Voices from the Occupation: Occupy Justice – One Day, Two Courts

Voices from the Occupation
Occupy Justice – One Day, Two Courts
This week in London, the City of London Corporation is attempting to gain an eviction order for the St Paul’s camp.  Justice Lindblom has presided over 5 days of evidence from both sides.  Meanwhile, Occupy London have occupied their own court house in Old Street, and enlisted the support of legal professionals, to begin to put those responsible for the financial crisis on trial.  Today’s article brings you reports from both courts, and the inspirational tale of how to Occupy Justice.
Old Street Magistrates Court – Occupied
As reported here on 20th December, members of Occupy London and Occupy Veterans arrived at the Old Street Magistrates court at 4.30am, in a tank festooned with flowers, and sporting a banner calling it ‘The Tank of Ideas’.  The Grade II listed building at the east end of Old Street (north side) has been empty since 1996, but was sold onto an Indian property venture in 2006.  Throughout this time, it has been left empty and plans for a community justice project on the site have been dropped.  Latest plans are for the building to be converted into a hotel.  However, Occupy London have other ideas.  The group Occupy Justice, the title of the occupiers at Old Street, have already gained the support of a retired Judge and Prosecutor, together with a working prosecutor who are providing them with information about how to structure the trial.  It is also reported that they have confirmed they will attend to ‘try’ the case.  Their intention is to call witnesses, and invite members of the 1% accused to attend the court to defend and account for themselves.

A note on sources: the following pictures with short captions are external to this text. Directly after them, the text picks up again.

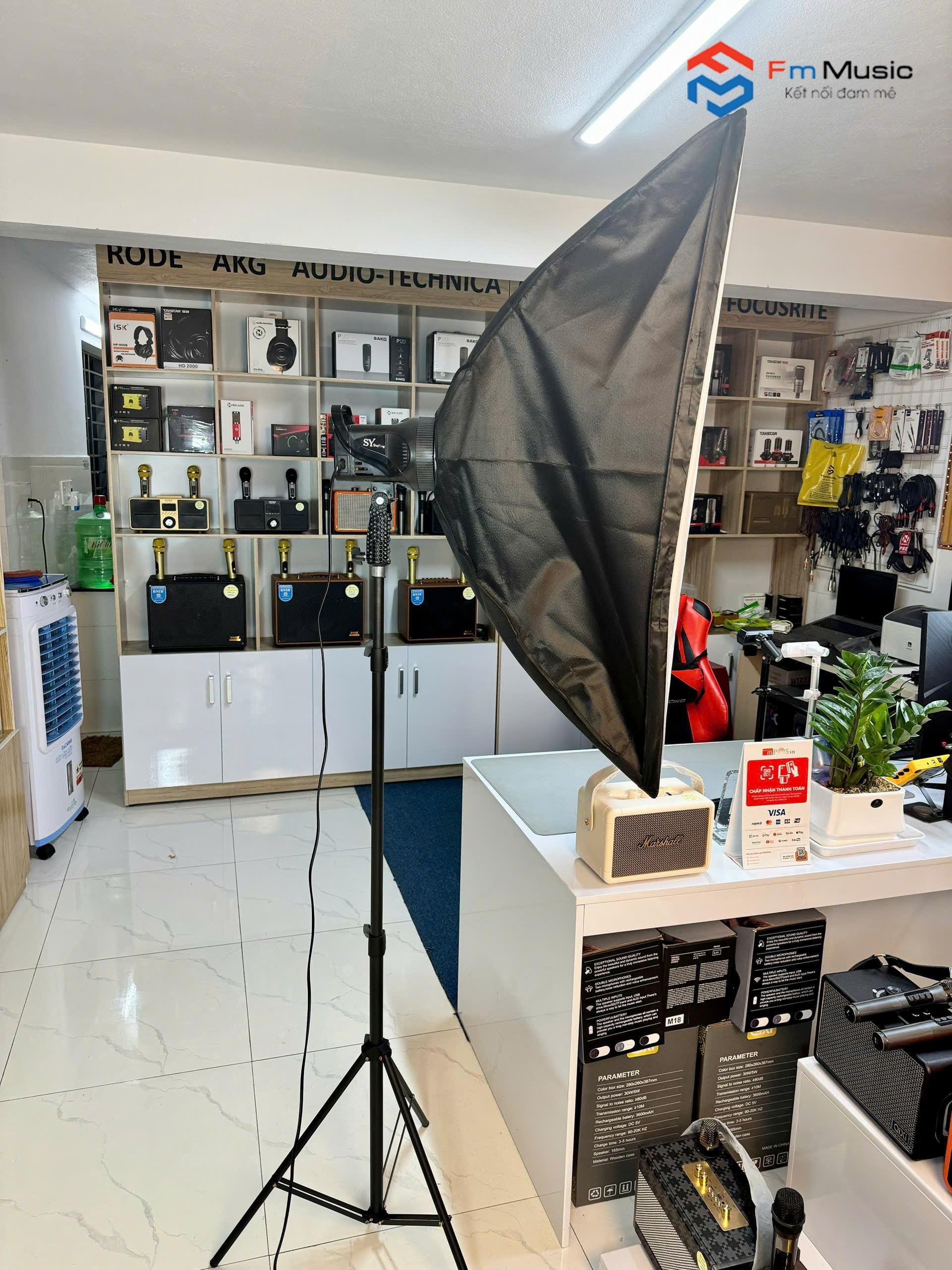 Combo Đèn Softbox Chữ Nhật Lớn 69*90 & Đèn XY 700W – Giải Pháp Ánh Sáng Toàn Diện Cho Studio Combo Đèn Softbox Chữ Nhật Lớn 69*90 & Đèn XY 700W – Giải Pháp Ánh Sáng Toàn Diện Cho Studio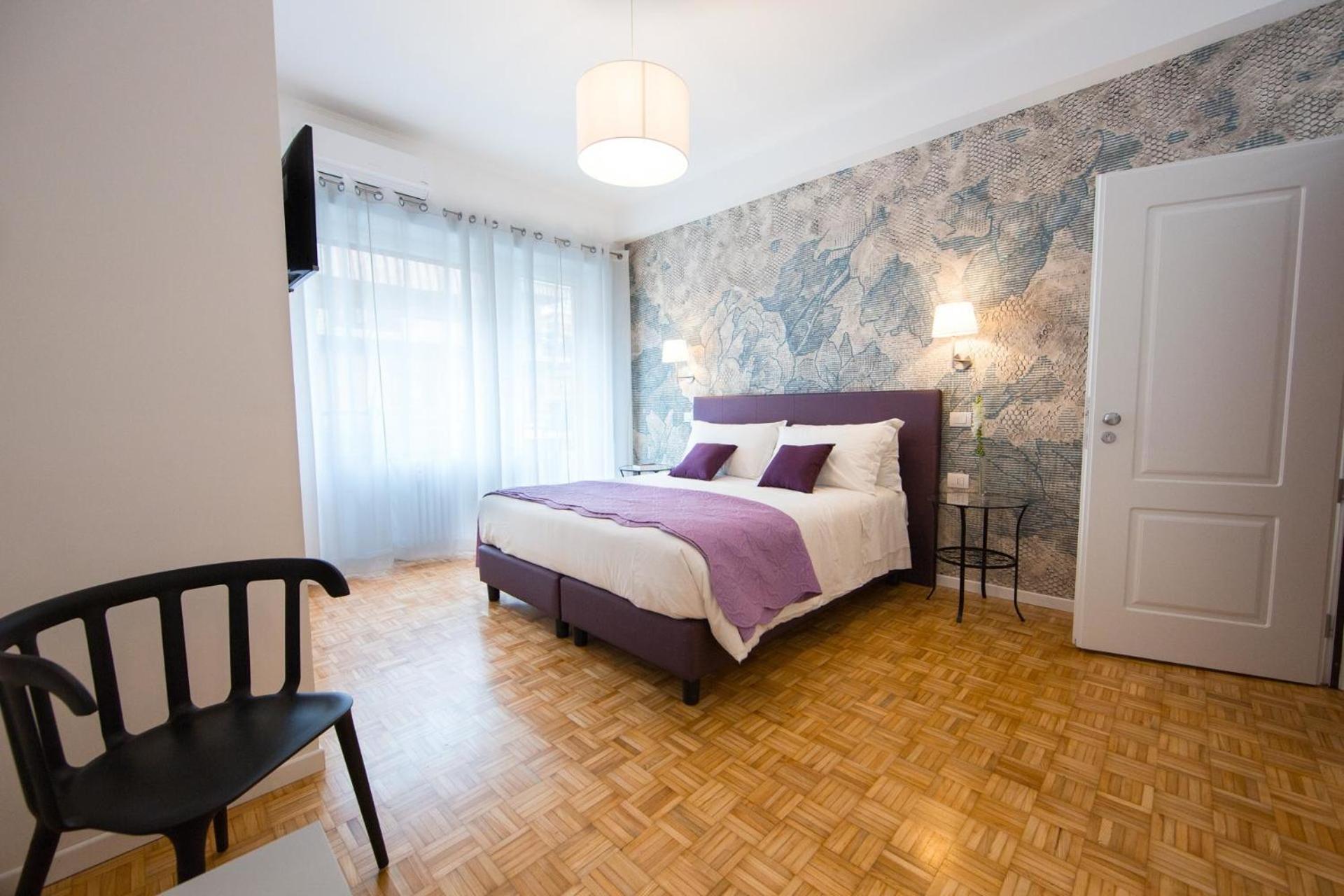 Double or Twin Room with Private Bathroom photo 3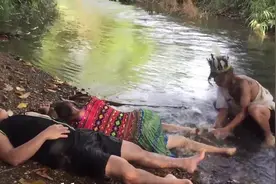 美女河边睡觉，大鱼游到身旁都不知，野人过来把鱼抓了视频封面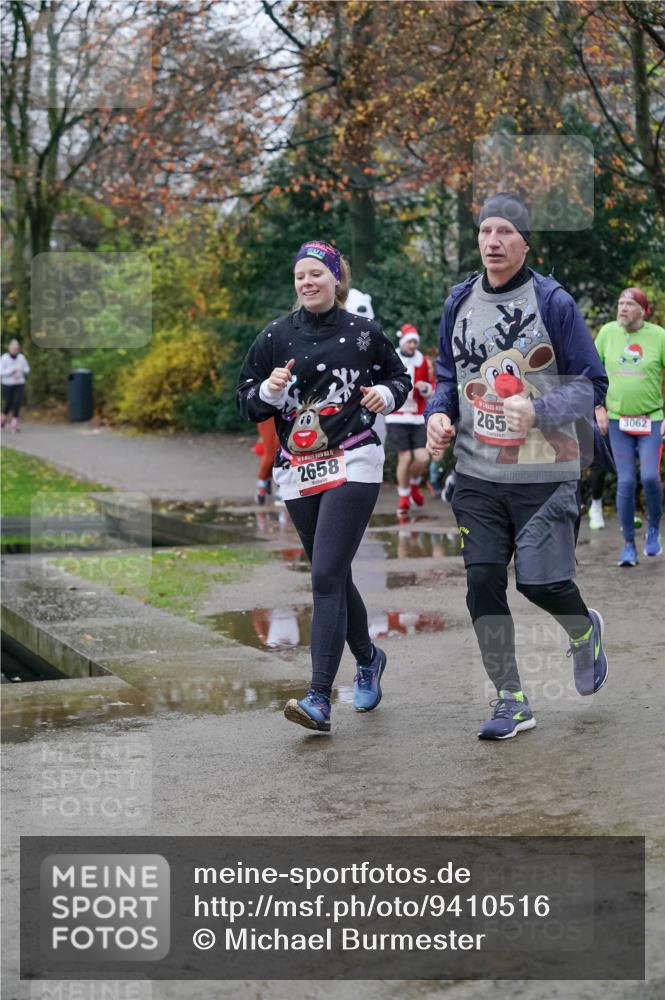 07.12.2025 - St. Pauli X-Mass-Run No. 15 Michael Burmester http://msf.ph/oto/9410516 07.12.2025 09:48:07 Laufen 5, 2658, 265, 3062 meine-sportfotos.de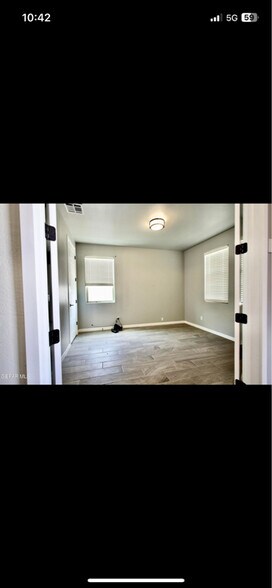Building Photo - 272 Hunstanton St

(Picture by @HeardinLondon)
The court house is vast.  It runs over several floors, includes several court rooms, and an old police station, including cells.  The old cells have chalk boards by each cell door where the name of the detained would have been inscribed in the past.  These now bear the names – Goldman Sachs, Tony Blair, etc.  A peace flag now hangs proudly from the flagpole on the roof of the building.
I took a short tour of the building on film below.
To some, this may appear a mere media stunt, designed to get Occupy London in the headlines.  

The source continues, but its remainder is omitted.